The first Sookie Stackhouse novel DEAD UNTIL DARK was published in 2001. The cover price was, I think $5.99 or $6.50. It's currently $7.99. Let us say hypothetically that Barnes & Noble ordered 2000 copies of the book in 2001, and that over the ten years since B&N has never had fewer than 500 copies sittling on its shelf. So which 500 copies are sitting on the shelf? Copies that were ordered in 2001 at $6.50, or copies ordered in 2011 at $7.99?

That's a complication in the tax code. If B&N can say for tax purposes that it has always had 500 copies purchased ten years ago for $6.50 sitting on its shelves, which is known as "last-in first-out" or "lifo" inventory, it gets to reduce its profit for tax purposes, because its cost for the books that are selling is based on a $7.99 price instead of a $6.50 price. That's approximately $.75 for each of those 500 books, or around $350, that B&N has made in the real world (there are not many or any first printing copies of Dead Until Dark sitting on bookstore shelves) that it hasn't made for tax purposes.

Tax complexity! Can you use "lifo," or do you use "fifo" where the goods you sell are always the goods purchased or made first, or do you use "dollar cost averaging" where you use the average price?

There are all kinds of decisions that businesses have to make that are like this, where you can do or say one thing or another and end up with a different tax bill.

The $375 profit B&N might be deferring on Dead Until Dark doesn't seem like much, but pretend you are an oil company with big tank farms that can hold huge amounts of gas, and you can say those are filled with old gas that you purchased for $23 a barrel or new gas that you purchased for $86 a barrel. I have no idea how big a huge gas tank in a tank farm is, but if you're talking 100,000 barrels with a $63 price difference, that's an awful lot of swing to your taxable income.

This is where the loopholes lurk in the tax code, where the unfairness comes in, not in the fact that it's too darned complicated to figure out how much tax you owe because you're paying 15% on the first few thousand dollars in income and 28% on the last few thousand.

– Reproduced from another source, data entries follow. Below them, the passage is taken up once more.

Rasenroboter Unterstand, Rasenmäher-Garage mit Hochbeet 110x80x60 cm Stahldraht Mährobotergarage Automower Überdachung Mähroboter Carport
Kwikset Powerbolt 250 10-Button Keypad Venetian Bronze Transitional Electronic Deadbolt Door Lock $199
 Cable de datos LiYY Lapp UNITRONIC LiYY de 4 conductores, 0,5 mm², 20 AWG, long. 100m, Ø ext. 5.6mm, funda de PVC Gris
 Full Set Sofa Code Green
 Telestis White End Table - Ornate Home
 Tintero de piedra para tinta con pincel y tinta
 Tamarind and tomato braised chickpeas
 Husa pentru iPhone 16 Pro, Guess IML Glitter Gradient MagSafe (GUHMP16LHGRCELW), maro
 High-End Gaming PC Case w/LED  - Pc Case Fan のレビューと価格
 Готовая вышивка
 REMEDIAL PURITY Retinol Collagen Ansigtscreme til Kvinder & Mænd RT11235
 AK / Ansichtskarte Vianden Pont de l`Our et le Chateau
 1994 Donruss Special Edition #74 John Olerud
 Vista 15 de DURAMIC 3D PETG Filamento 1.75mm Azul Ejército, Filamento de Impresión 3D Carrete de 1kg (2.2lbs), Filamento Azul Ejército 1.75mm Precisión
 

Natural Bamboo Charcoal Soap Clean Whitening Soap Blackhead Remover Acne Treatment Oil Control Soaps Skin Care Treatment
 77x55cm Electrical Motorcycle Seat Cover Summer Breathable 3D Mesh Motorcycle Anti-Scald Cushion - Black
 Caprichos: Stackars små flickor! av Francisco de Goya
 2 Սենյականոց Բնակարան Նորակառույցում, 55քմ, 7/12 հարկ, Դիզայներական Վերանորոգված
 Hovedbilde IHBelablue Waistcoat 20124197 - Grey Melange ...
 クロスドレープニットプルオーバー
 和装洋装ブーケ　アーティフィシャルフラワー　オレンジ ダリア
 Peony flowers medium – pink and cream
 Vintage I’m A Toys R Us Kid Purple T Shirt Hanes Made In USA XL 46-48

Favor a flat tax, don't favor it, just don't do either because you think it's going to make the tax system simpler. A simpler tax system wouldn't come about from a flat tax, it would come about from the wholesale closing of tax loopholes. And if you like your mortgage interest deduction or college tuition credit, are you any more eager to give up that credit, than Exxon would be to give up the ability to let it decide that all the gas sitting in all its gas tanks today is gas it obtained for $23 a barrel at some point in the past?